Teaching point: all too often students ask why should the company care if the stock price in teh secondary market goes up or down. The standard answer includes a mention of what happens when they want to sell more shares in a SEO. This is quite similar. Here the article focuses on the secondary market for baseball tickets, but also shows that this secondary market impacts the primary market as well (as evidence by the teams cutting prices etc).
From the NY Times:
Holders of Season Tickets Are Having Second Thoughts - NYTimes.com:
"The weak resale market has Goldman and a growing number of Mets and Yankees season-ticket holders considering whether to drop their seats next year, or to switch to a plan with fewer games or cheaper seats. The risk of getting stuck with expensive tickets that are hard to resell, they said, is just too high in a weak economy."
"If I can’t move these tickets, I can’t afford to be stuck with them or take a loss,” said Mr. Coleman, who said he was getting 40 percent less this year for tickets to weekday games that he resold. “The proof is the secondary market. If you don’t have people willing to buy tickets at these prices, I hope the message gets across to the Yankees and Mets.”"

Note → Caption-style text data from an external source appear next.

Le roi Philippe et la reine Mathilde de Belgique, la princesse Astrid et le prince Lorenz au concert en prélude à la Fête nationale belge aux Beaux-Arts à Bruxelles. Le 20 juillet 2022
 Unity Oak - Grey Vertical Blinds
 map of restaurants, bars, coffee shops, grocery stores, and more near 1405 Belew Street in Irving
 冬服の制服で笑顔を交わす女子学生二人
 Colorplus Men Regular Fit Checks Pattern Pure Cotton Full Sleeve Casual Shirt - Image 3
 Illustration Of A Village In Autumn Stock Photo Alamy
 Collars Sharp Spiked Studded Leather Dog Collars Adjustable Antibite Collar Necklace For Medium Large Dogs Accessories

Anecdotally, I went to Citi Field for the first time this past Sunday and will definitely agree there were MANY empty seats and purchased the tickets for about 25% under face value in a "Secondary market" transaction and even then wonder if I got my money's worth. Yes the park was nice, but the game itself was not very good. It rained, the game was much too long of game (a MoneyBall result? Must every player try and work a full count?) and they lost.